Voilà donc où on en est dans ce pays dont la superficie, 1 886 068 km², en fait le troisième le plus vaste du continent africain, après l’Algérie et la République démocratique du Congo. Avec 45,66 millions d’habitants estimés, le Soudan est au 8ᵉ rang africain en termes de population, derrière le Kenya et devant l’Algérie. C’est donc ce Soudan que les ambitions politiques de deux généraux avides de pouvoir, Abdel Fatah al-Burhan et Mohamed Hamdan Dagolo, Hemedti, ont brutalement plongé dans une guerre insensée depuis plusieurs semaines. Il suffit de regarder une carte du continent pour voir la centralité du Soudan et son importance stratégique, un accès à la mer Rouge et des frontières terrestres avec sept pays : l'Égypte, la Libye, le Tchad, la République centrafricaine, le Soudan du Sud, l'Éthiopie et l'Érythrée. Ce n’est pas la liste des pays les plus stables, les plus en paix et plus démocratiques du continent.

Ce conflit au Soudan vient s’ajouter à un nombre déjà trop élevé de conflits armés plus ou moins intenses sur le continent

Le continent continue à se tirer plusieurs balles dans le flanc. Si elle s’inscrit dans la durée et cela représente un scénario crédible, cette guerre entre deux factions armées, bien peu sensibles au sort des populations civiles, va déstabiliser tous ses voisins si fragiles et au-delà. L’Éthiopie voisine, avec plus de 110 millions d’habitants, sort à peine d’une guerre civile atroce qui a opposé le gouvernement fédéral aux forces rebelles de la province du Tigré. 

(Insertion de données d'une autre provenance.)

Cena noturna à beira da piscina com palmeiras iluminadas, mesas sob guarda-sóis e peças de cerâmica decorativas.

Toutes les régions du continent ont en leur sein un pays, deux, trois ou même quatre en proie à des conflits armés. Et quand on rajoute les pays qui connaissent des violences localisées dans certaines parties de leurs territoires, ceux dans lesquels les manifestations politiques, les échéances électorales, les contestations de jeunes laissés à eux-mêmes débouchent régulièrement sur des morts, des blessés, des arrestations et des détentions massives, ceux parmi les plus stables qui jouent avec le feu, la liste devient très longue.

Ce constat vous ramène à la question du narratif sur l’Afrique…

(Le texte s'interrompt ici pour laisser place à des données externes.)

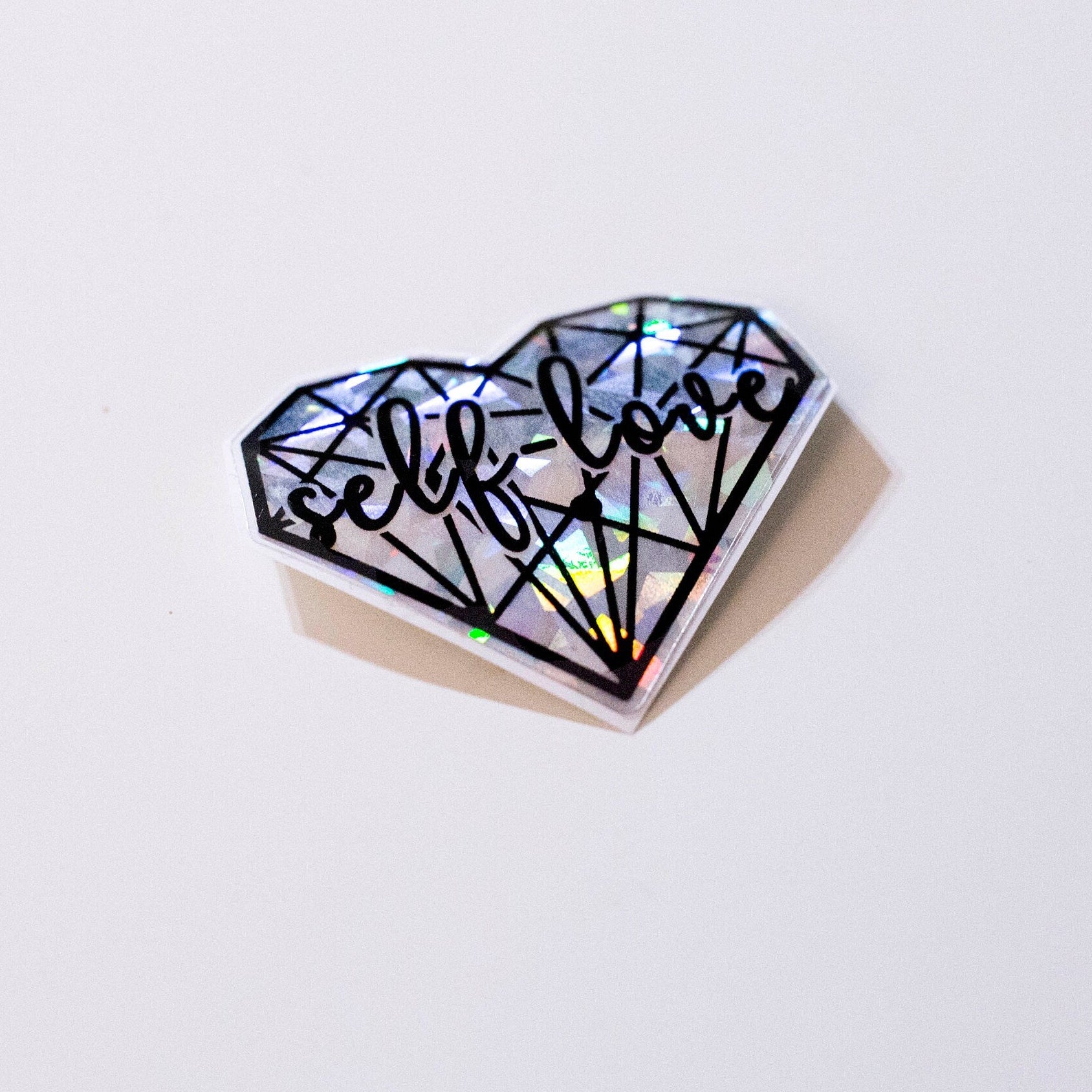 silver broken glass aesthetic self love heart sticker. side view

Il y a quelques semaines encore, et ce n’était pas la première fois, un chercheur africain engagé de la diaspora me faisait le reproche de ne pas mener suffisamment la bataille du changement du narratif sur l’Afrique… L’interpellation est intéressante. Est-il plus important de changer le narratif que d’appeler à changer la réalité que vivent des millions d’Africaines et d’Africains dans les régions en proie à la violence, à la peur et à l’arbitraire ? Parce qu’il faudrait changer les narratifs sur l’Afrique marqués du sceau de l’ignorance, de la facilité, du mépris, du racisme parfois, doit-on refuser de voir que chacune des situations de conflit retarde l’ensemble du continent, fixe l’attention et les ressources des organisations régionales et africaines, et ne fait que renforcer la dépendance du continent à l’égard des acteurs non africains ? 

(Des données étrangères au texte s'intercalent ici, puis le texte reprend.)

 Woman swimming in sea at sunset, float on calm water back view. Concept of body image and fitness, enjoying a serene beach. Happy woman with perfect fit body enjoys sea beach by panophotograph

Derrière chacune de ces crises qui se prolongent, ce sont des vies africaines sacrifiées, des enfants traumatisés par l’expérience de la violence, privés de tout et notamment d’éducation, ce qui affectera profondément la trajectoire de plusieurs régions du continent pendant des décennies. L’Afrique n’a nullement le monopole de la guerre, de la violence et de l’insécurité. C’est une évidence. Ce n’est pas joli le quotidien de la guerre en Ukraine, de la violence aux quatre coins du monde. Mais la réalité sécuritaire qu’on voit un peu partout en Afrique devrait préoccuper au plus haut point ceux qui veulent simplement que les sociétés africaines aient davantage de chances de vivre dans la quiétude et la sérénité au cours des décennies à venir. Alors oui, le changement de narratif est sans doute important, mais pour nous le changement de la réalité est prioritaire.